So here we go again. It seems that the fighting debate has been raging for decades. And while it's lead to hours of heated rhetoric, there's little evidence of anyone ever actually changing their mind.
But maybe that can change. I've spoken to experts on both sides of the issue, and I've captured their best arguments below. For the first time, here are both sides of hockey's greatest debate presented side-by-side. Maybe, just maybe, we can settle this once and for all.
Pro-fighting: Banning fighting would eliminate the chance of a fight between Matt Cooke and Sean Avery that the linesmen could just "forget" to break up.
Anti-fighting: Fights are nothing more than quasi-exciting but ultimately demeaning sideshows that don't showcase any actual hockey skills and have no place in the game, and these days we have the shootout for that.
Pro-fighting: Without the threat of fighting, noble enforcers like Jody Shelley and Trevor Gillies would be unable to protect their teammates from despicable cheap-shot artists like Jody Shelley and Trevor Gillies.
Anti-fighting: Let's face it, nobody really likes having fighting in the game except for ignorant know-nothings like fans, most general managers and coaches, and virtually every single player.

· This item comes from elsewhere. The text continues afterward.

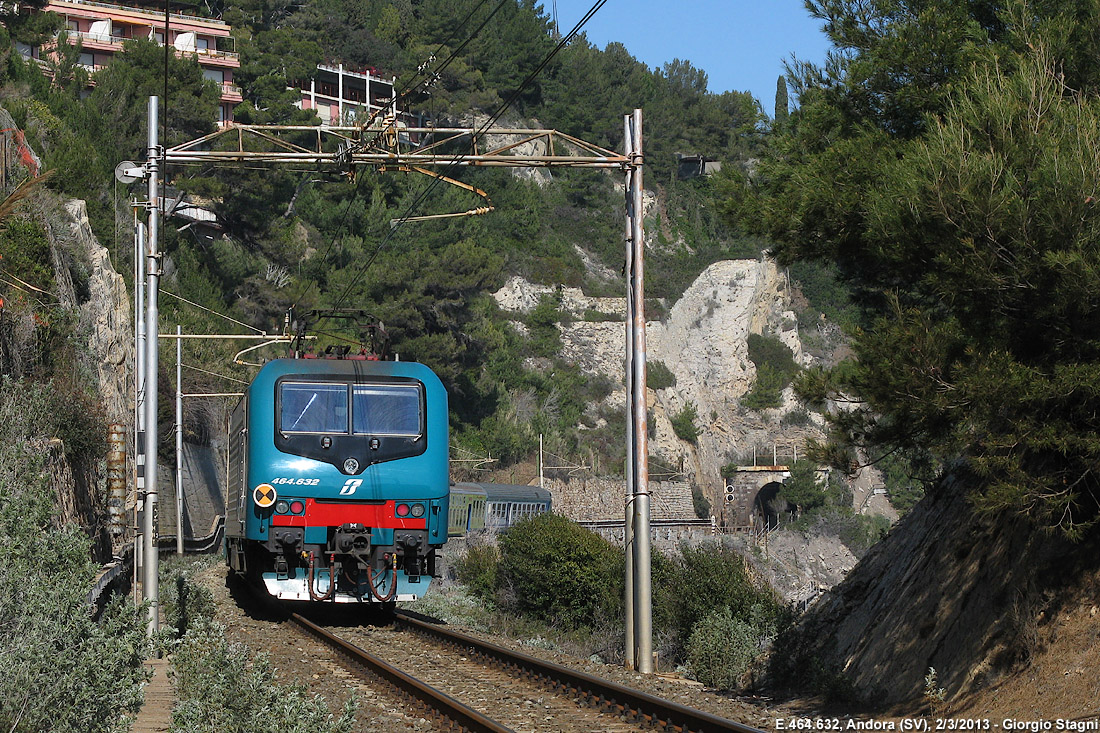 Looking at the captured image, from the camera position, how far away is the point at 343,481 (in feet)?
54.1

Pro-fighting: Getting rid of fighting would just result in every episode of Coach's Corner being nothing more than a seven-minute diatribe about no-touch icing,
Anti-fighting: If punching somebody in the face at a hockey game is outlawed, only outlaws will punch somebody in the face at a hockey game. And Flyer fans. Actually, mostly Flyer fans.
Pro-fighting: If we just hold off on doing anything to address the rapidly growing list of players lost to concussions for another year or two, all of us will eventually get to play in the NHL for a few games.
Anti-fighting: Mike Milbury has historically been pro-fighting.
Pro-fighting: Wait, Mike Milbury is now apparently anti-fighting.
Anti-fighting: Fighting is an outdated concept that may have made sense for previous generations but has no place in the modern game, like goalies playing without masks or an NHL team in Winnipeg.
Pro-fighting: The inability to regularly write simplistic and condescending anti-fighting columns could spell the end of the already struggling newspaper industry.
Anti-fighting: Studies have shown that a total ban on fighting would increase hockey viewership by 20% in the southern United States, because Tom says he's pretty sure he'd start watching.
Pro-fighting: Hey, remember when they had fighting in NHL 93 and then they took it out for NHL 94? Which one did you like better? Exactly.
Anti-fighting: In addition to being overpaid and overrated based on last year's Cup run, Niemi is known to snore loudly on team flights and often plays bad Finnish pop music on the Sharks' team stereo. (Editor's note: Wait, sorry, this should have been listed as an "Antti fighting" argument.)
Pro-fighting: Players engaging in fights face the possibility of devastating injury and even long-term disability, which is a risk that I as a fan sitting in my easy chair have decided I am willing to accept.
Anti-fighting: Eliminating fighting would send a strong message to impressionable children that settling a dispute by knocking somebody unconscious with your fists is unacceptable; instead, use your rock solid shoulder pad like a gentleman would.